##### PROVIDED DATA #####

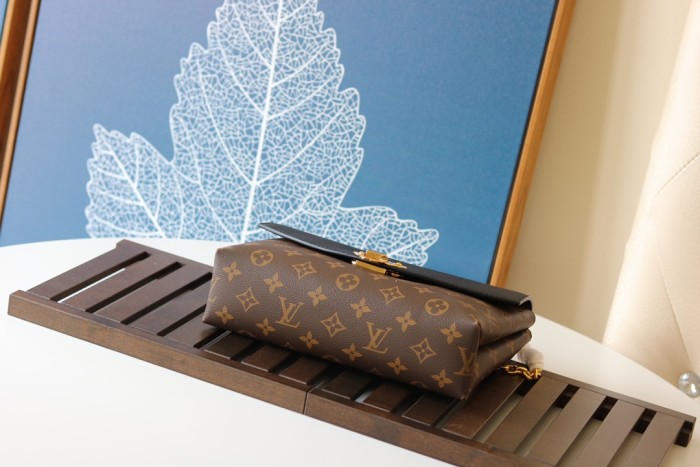 Handbag Louis Vuitton M43713 M43714 M43715 Size:27x21x8.5CM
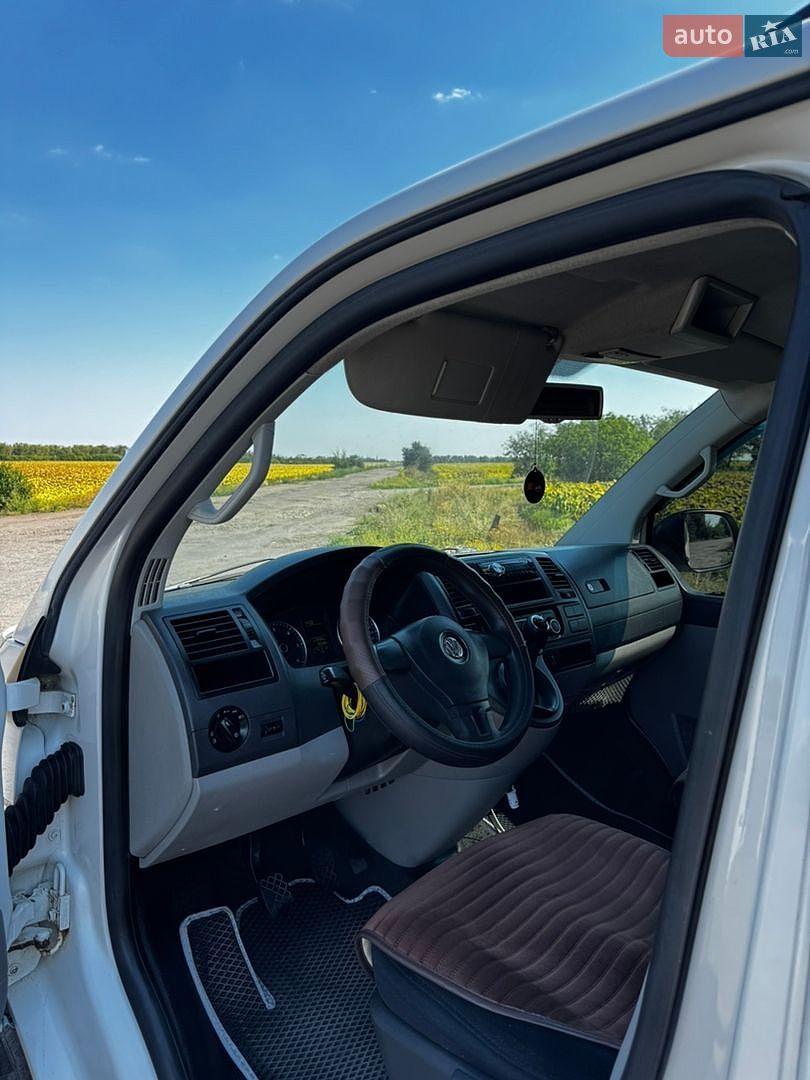 Volkswagen Transporter 2010 VIN WV1ZZZ7HZAH257262 фото оголошення 17 з 29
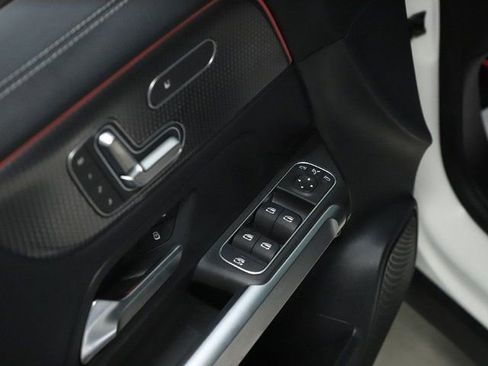 Used 2022 Mercedes-Benz GLB 250 4MATIC image 17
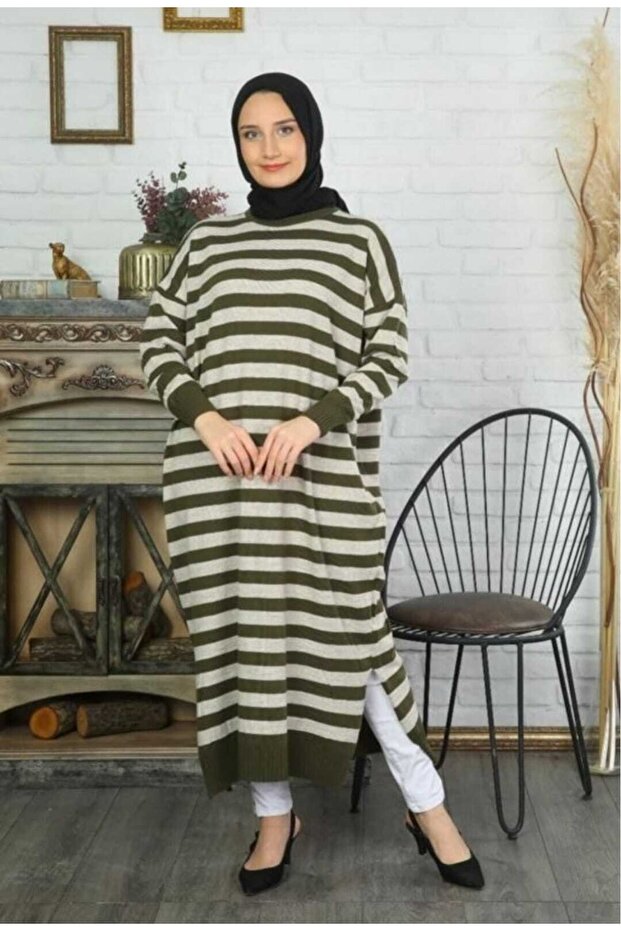 Wonderful Women's Striped Long Knitwear Tunic with Slits on the Sides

#####

- **WHAT NEEDS TO BE DONE**: Output only these lines, word for word: the line containing "Volkswagen Transporter 2010" and every line after it through the last line of the data. Omit the pictures.

- **REPLY TO THE TASK**:
 Volkswagen Transporter 2010 VIN WV1ZZZ7HZAH257262 фото оголошення 17 з 29
 Used 2022 Mercedes-Benz GLB 250 4MATIC image 17
 Wonderful Women's Striped Long Knitwear Tunic with Slits on the Sides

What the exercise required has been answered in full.